V. Vuik1, M. Huis in 't Veld1 , M. Benit1, N. Tack2
1 HKV, The Netherlands; 2 HaskoningDHV Nederland BV , The Netherlands
*Corresponding author: nynke.tack@rhdhv.com
Introduction
Due to climate change, larger and more powerful storms are anticipated on the IJsselmeer. Therefore, the safety requirements are elevated, resulting in the necessity to reinforce the IJsselmeer dyke. During the exploration phase of this dike reinforcement multiple design options were considered including a foreshore to reduce wave-overtopping.
Studies and other projects, like the Houtribdijk and the Prinshendrik Zanddijk, have shown that a sandy foreshore nourishment can be an effective solution to reduce the wave impact on the primary barrier. In addition, foreshores contribute greatly to strengthening local biodiversity, which is crucial for a sustainable, future ecosystem. For the reinforcement of the IJsselmeer dyke a combination of a dam and foreshore was shown to be the preferred solution.
Objective and Methods
The objective of the study is to quantify the extent to which a combination of a dam and a natural foreshore can reduce the wave impact on the structures behind it, specifically in the case of the traditional IJsselmeer dyke.
The methodology used to quantify this impact consists of two steps. In the first step, the foreshore has been recreated in miniature during a physical wave flume test at Deltares. Three different configurations of the dam were tested, altering the structure and the height above the water surface. Additionally, the length of the foreshore was varied to determine its impact on wave head height. For each configuration, stability and several hydraulic loads were measured.
In step 2, the parameters from the wave flume test were utilized to determine the correction factors and uncertainties of the SWASH-wave model. This model was then employed to create new HRD databases, storing information about the influence of different foreshore designs on water height, wave height, period, and direction. By inputting these databases, the erosion and stability (GEBU/GEKB) modules were run, resulting in the final failure probabilities of the foreshore design.
Results
Our study demonstrates that integrating physical tests with modeling offers an effective approach for assessing the influence of nature-based foreshores on wave loads affecting defense structures. Key takeaways include:
- Stone Gradation and Height: Stone gradation and height significantly impact dam stability. We observed that the stability of stone gravels (ranging from 300-1,000 kg) in the topsoil depends on relative water depth compared to the crest level. Reducing stone gradation to 40-200 kg and 1-50 kg in the toe zone and inner foreshore, respectively, minimized damage. Dam height adjustments affected stability differently at the front and back.

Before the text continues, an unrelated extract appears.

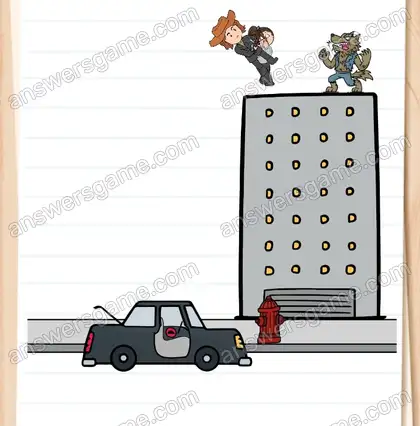 Joe muss auf das Hochhaus gelangen, um die Frau zu retten. Brain Test 2 Level 12 Lösungen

- Foreshore Length and Water Level Changes: Foreshore length directly correlates with water level variations. Our tests on foreshores of 40, 60, and 100 meters revealed distinct water level rises. These variations depended on foreshore length and water depths. Longer foreshores led to greater energy dissipation and improved wave reduction.
- Failure Probability Assessment: Foreshore lengths between 40 and 120 meters meet water safety standards. Depending on dyke location, failure probabilities range from 1 in 61,224 years to 1 in 295,930 years.
These insights can inform future reinforcement projects, allowing informed comparisons between traditional and nature-based solutions.
Schematic representation of the model train from base loads to local hydraulic loads, through the foreshore, to a failure probability calculation with the GEBU/GEKB module.